Le lendemain, vers midi, madame Évangélista se trouvait à demi couchée sur le bord du lit de Natalie. Pendant l'heure du réveil, toutes deux luttaient de câlineries et de caresses en reprenant les heureux souvenirs de leur vie à deux, durant laquelle aucun discord n'avait troublé ni l'harmonie de leurs sentiments, ni la convenance de leurs idées, ni la mutualité de leurs plaisirs.

—Pauvre chère petite, disait la mère en pleurant de véritables larmes, il m'est impossible de ne pas être émue en pensant qu'après avoir toujours fait tes volontés, demain soir tu seras à un homme auquel il faudra obéir?

—Oh, chère mère, quant à lui obéir! dit Natalie en laissant échapper un geste de tête qui exprimait une gracieuse mutinerie. Vous riez? reprit-elle. Mon père n'a-t-il pas toujours satisfait vos caprices? pourquoi? il vous aimait. Ne serais-je donc pas aimée, moi?

—Oui, Paul a pour toi de l'amour; mais si une femme mariée n'y prend garde, rien ne se dissipe plus promptement que l'amour conjugal. L'influence que doit avoir une femme sur son mari dépend de son début dans le mariage, il te faudra d'excellents conseils.

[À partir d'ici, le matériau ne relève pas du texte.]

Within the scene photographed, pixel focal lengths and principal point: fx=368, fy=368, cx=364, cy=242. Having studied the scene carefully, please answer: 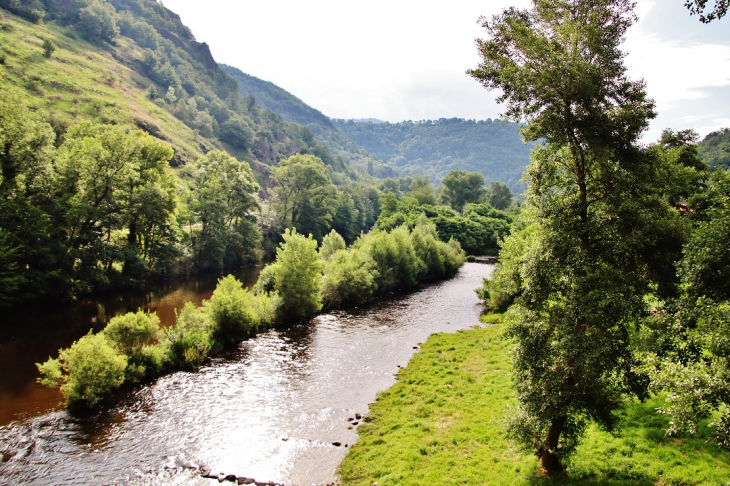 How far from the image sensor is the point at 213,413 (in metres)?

—Mais vous serez avec nous...

—Peut-être, chère enfant! Hier, pendant le bal, j'ai beaucoup réfléchi aux dangers de notre réunion. Si ma présence te nuisait, si les petits actes par lesquels tu dois lentement établir ton autorité de femme étaient attribués à mon influence, ton ménage ne deviendrait-il pas un enfer? Au premier froncement de sourcils que se permettrait ton mari, fière comme je le suis, ne quitterais-je pas à l'instant la maison? Si je la dois quitter un jour, mon avis est de n'y pas entrer. Je ne pardonnerais pas à ton mari la désunion qu'il mettrait entre nous. Au contraire, quand tu seras la maîtresse, lorsque ton mari sera pour toi ce que ton père était pour moi, ce malheur ne sera plus à craindre. Quoique cette politique doive coûter à un cœur jeune et tendre comme est le tien, ton bonheur exige que tu sois chez toi souveraine absolue.

—Pourquoi, ma mère, me disiez-vous alors que je dois lui obéir?

—Chère fillette, pour qu'une femme commande, elle doit avoir l'air de toujours faire ce que veut son mari. Si tu ne le savais pas, tu pourrais par une révolte intempestive gâter ton avenir. Paul est un jeune homme faible, il pourrait se laisser dominer par un ami, peut-être même pourrait-il tomber sous l'empire d'une femme, qui te feraient subir leurs influences. Préviens ces chagrins en te rendant maîtresse de lui. Ne vaut-il pas mieux qu'il soit gouverné par toi que de l'être par un autre?